DATASET RECORDS:
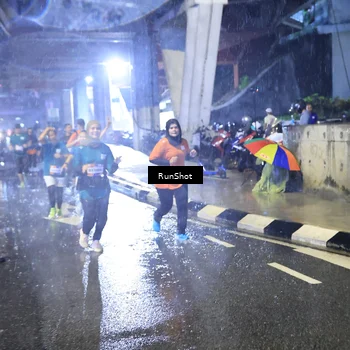 Runner Photo 7918750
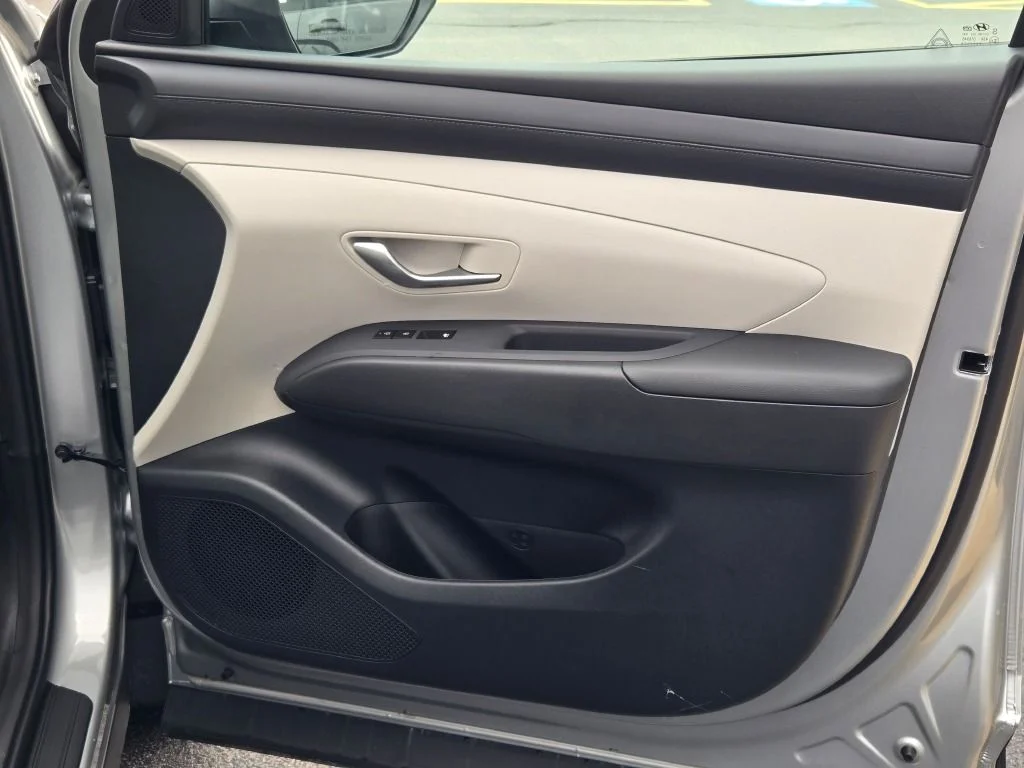New 2026 Shimmering Silver Hyundai SEL Plus image 5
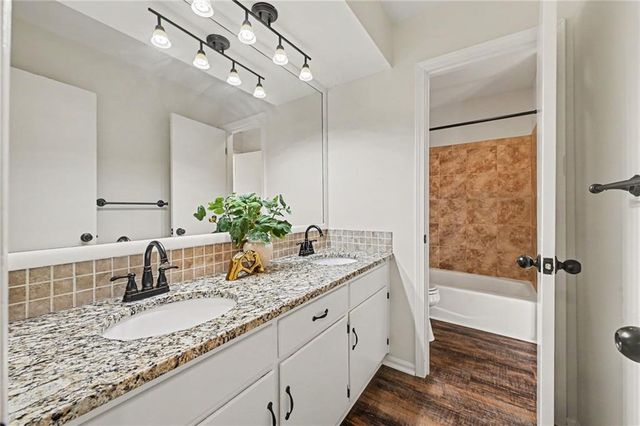 12809 S RAINTREE Drive, Olathe, KS 66062
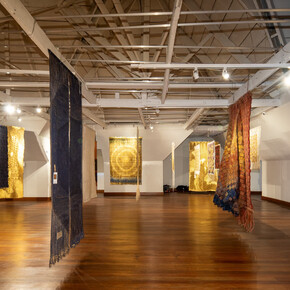 Olga de Amaral, vista de exhibición. Cortesía del Institute of Contemporary Art 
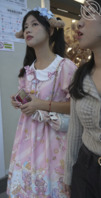 抄底偷拍洛丽塔小妹1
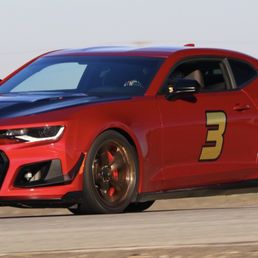This is my 2019 Chevy Camaro ZL11LE at the track This is my 2019 Chevy Camaro ZL11LE at the track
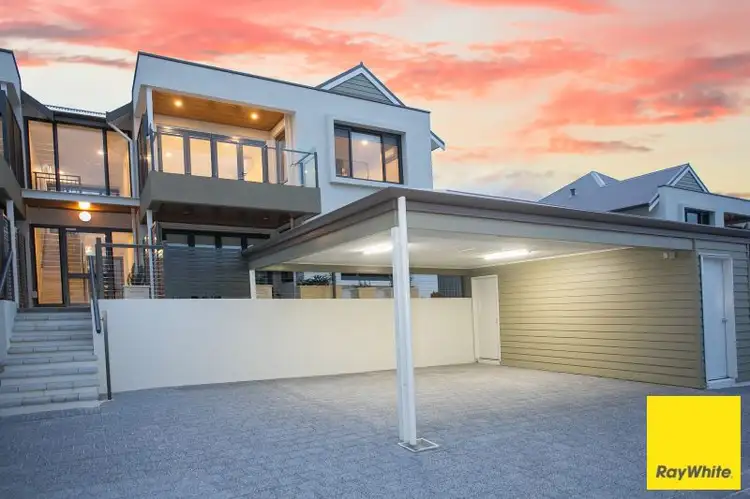 Second view of Homely unit listing, 10/3 - 5 Kalamunda Road, Kalamunda WA 6076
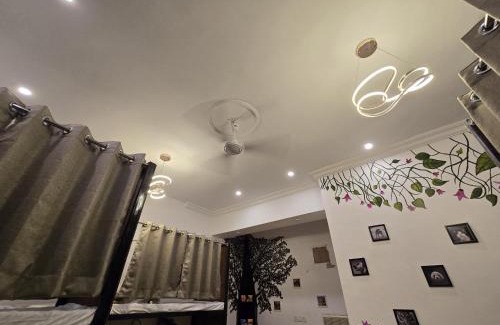 Hazratganj Hostel | Green Olive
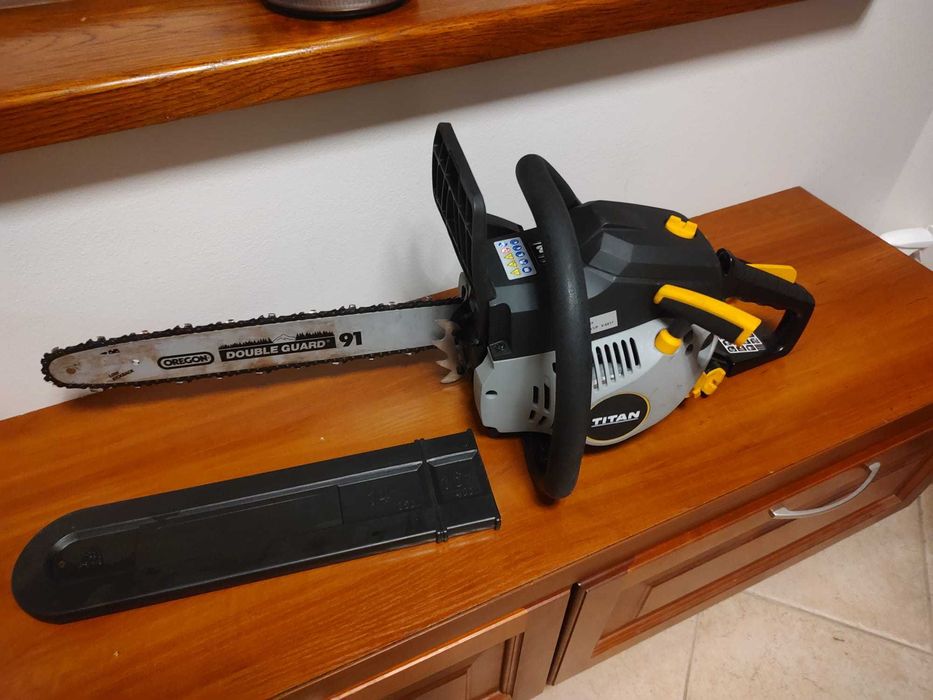 Piła spalinowa Pilarka TITAN 40cm LEKKA MOCNA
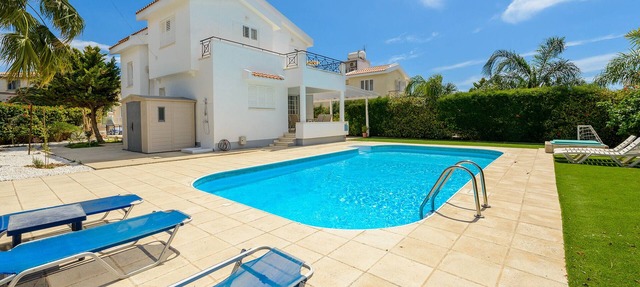 Ayia Napa Holiday Villa MA3 - a villa that sleeps 8 guests in 4 bedrooms in Ayia napa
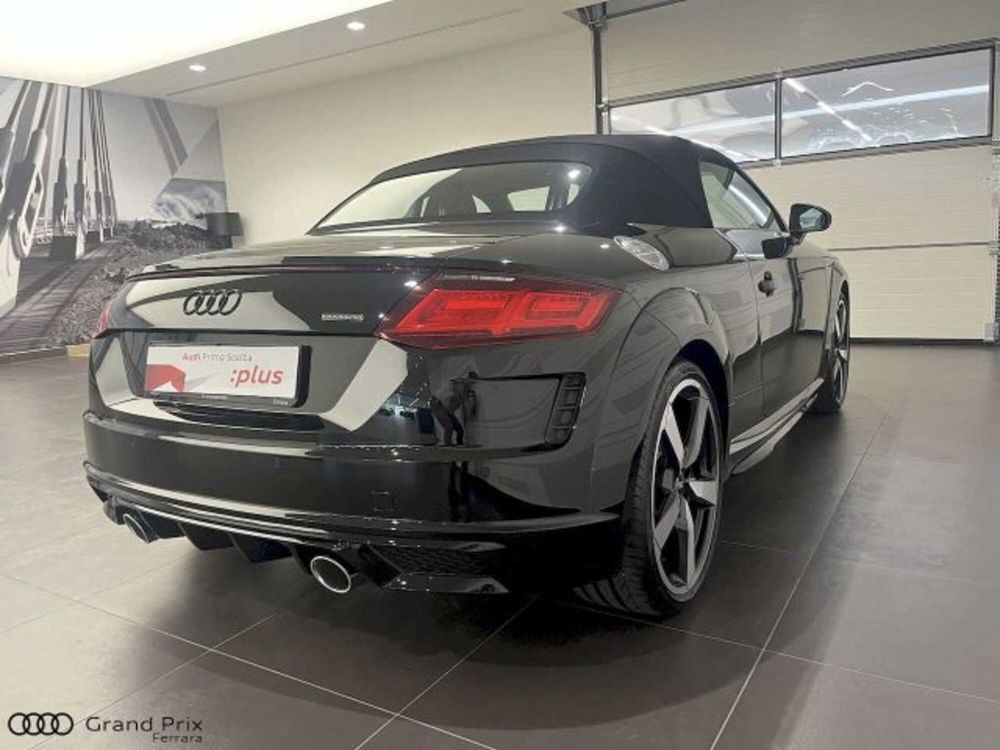 Audi TT Cabrio nuova a Bologna (2)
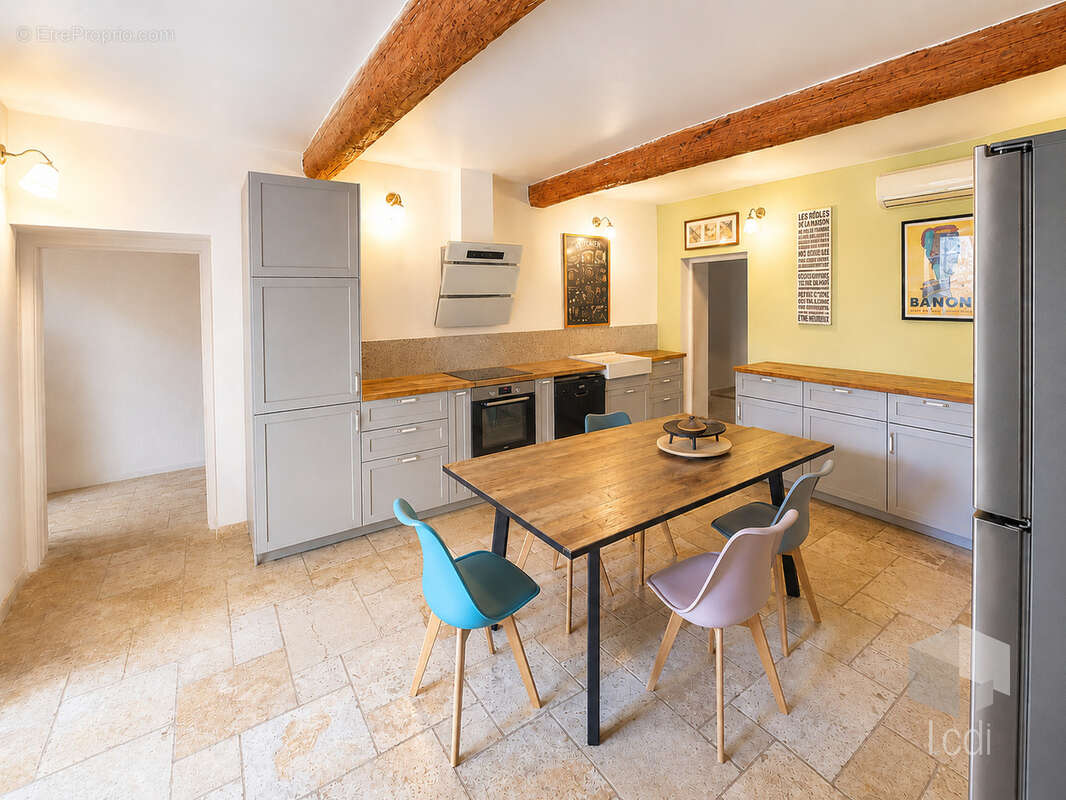 Maison à SAINT-GERVAIS-SUR-ROUBION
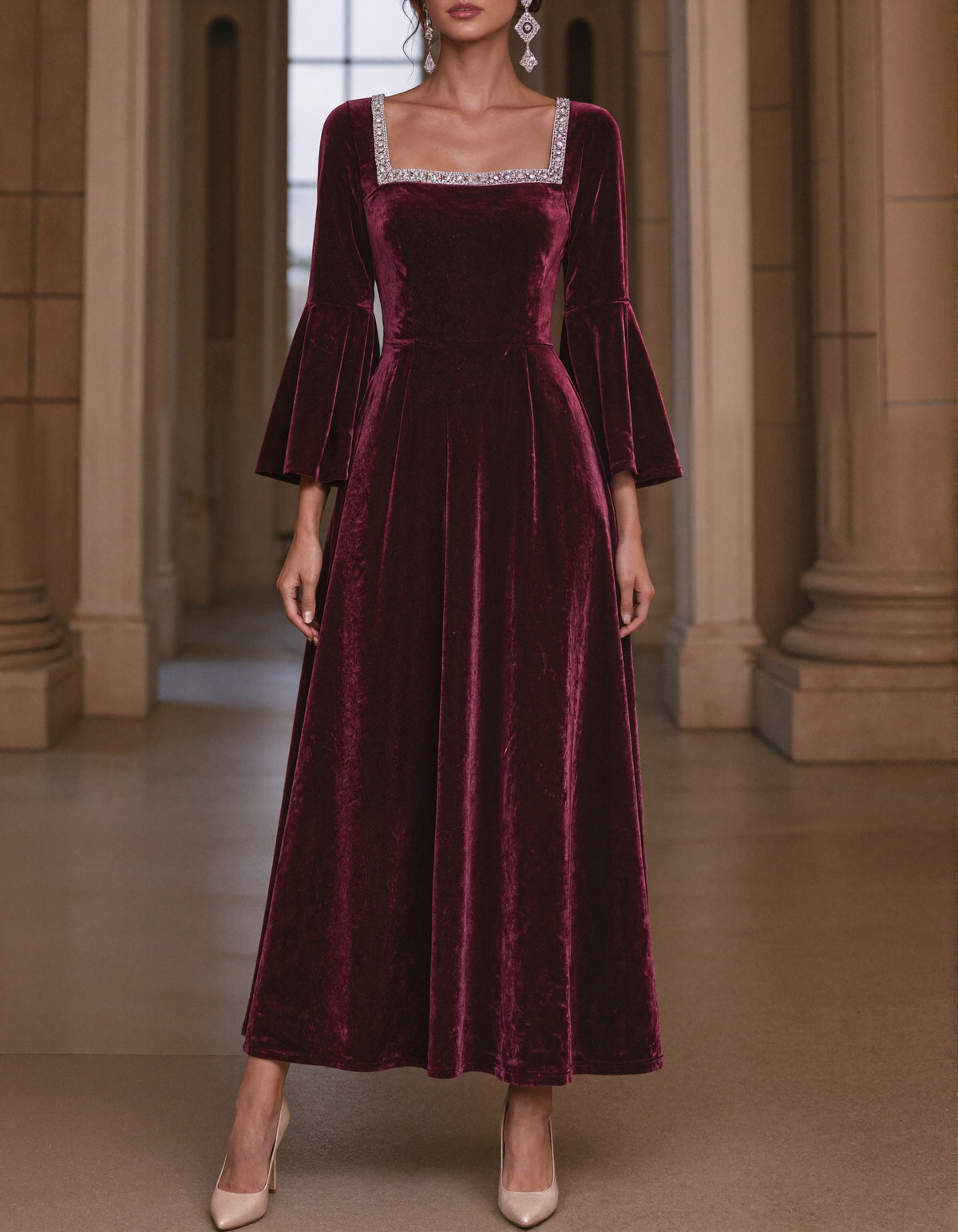 Robe midi en velours bordeaux avec col à sequins argentés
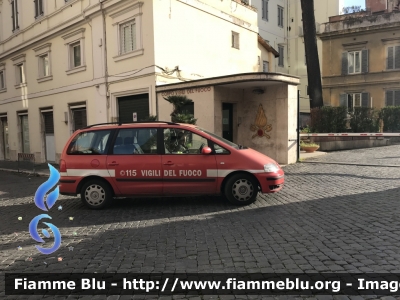 Volkswagen Sharan II serie
Vigili del Fuoco
Comando Provinciale di Roma
VF 24609
Parole chiave: Volkswagen Sharan_IIsere VF24609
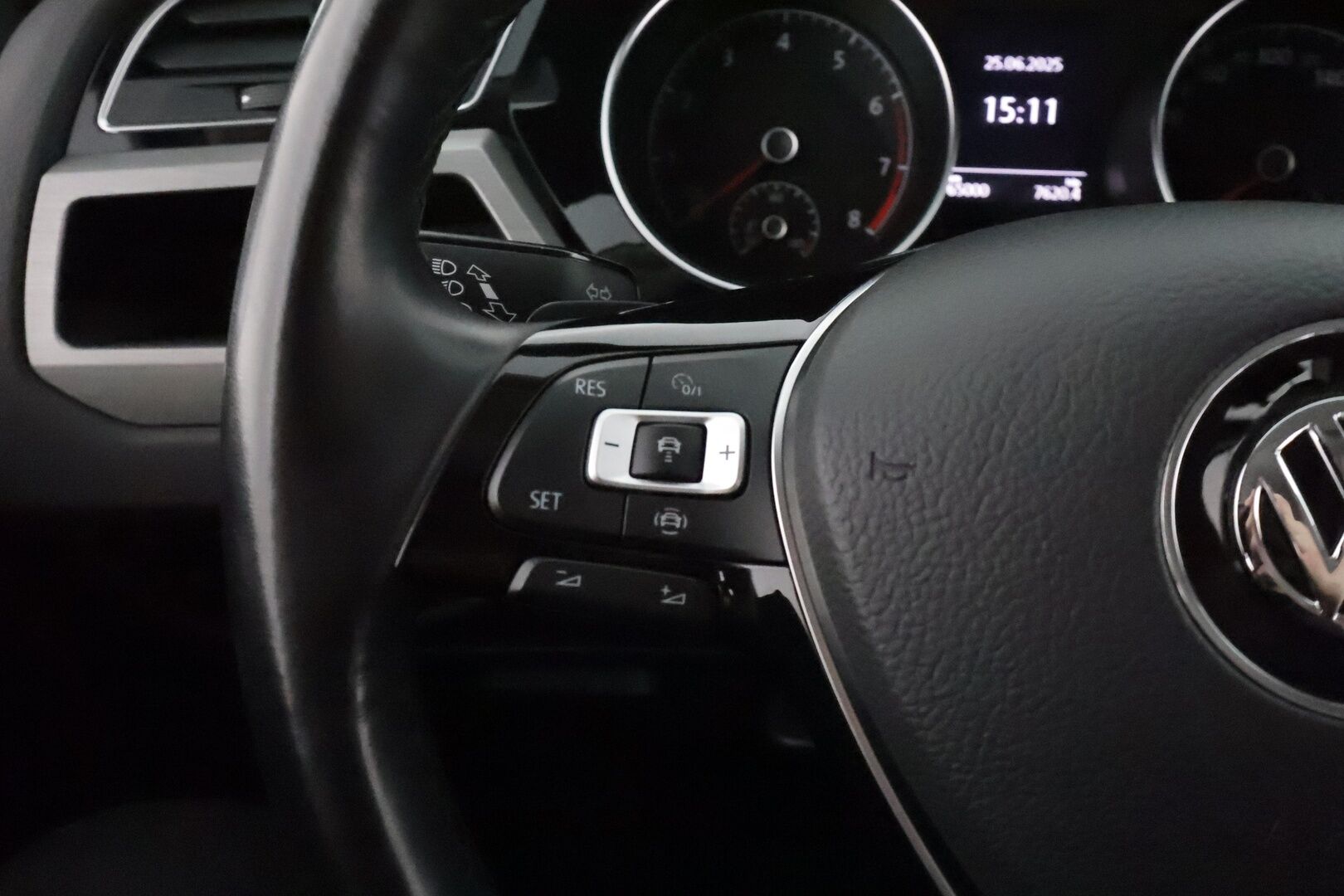 VOLKSWAGEN TOURAN 2019 R-Line 1,5 TSI EVO 110 kW DSG 7-Paik **Webasto / Koukku / Adapt.Vakkari / LED-valot / P.Kamera** - 3,99 % KORKOTARJOUS TÄHÄN AUTOON - Kahdet Renkaat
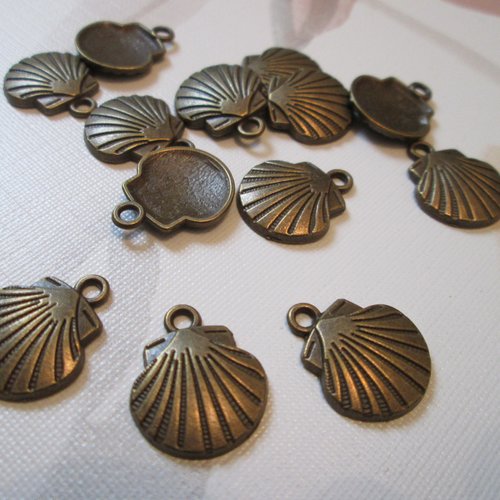 14 breloques coquillage  17 x 14 mm en métal couleur bronze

WHAT TO DO: Leaving out the pictures, print exactly and only the lines from the one containing "Vigili del Fuoco" through the last line of the records.

RESPONSE:
Vigili del Fuoco
Comando Provinciale di Roma
VF 24609
Parole chiave: Volkswagen Sharan_IIsere VF24609
 VOLKSWAGEN TOURAN 2019 R-Line 1,5 TSI EVO 110 kW DSG 7-Paik **Webasto / Koukku / Adapt.Vakkari / LED-valot / P.Kamera** - 3,99 % KORKOTARJOUS TÄHÄN AUTOON - Kahdet Renkaat
 14 breloques coquillage  17 x 14 mm en métal couleur bronze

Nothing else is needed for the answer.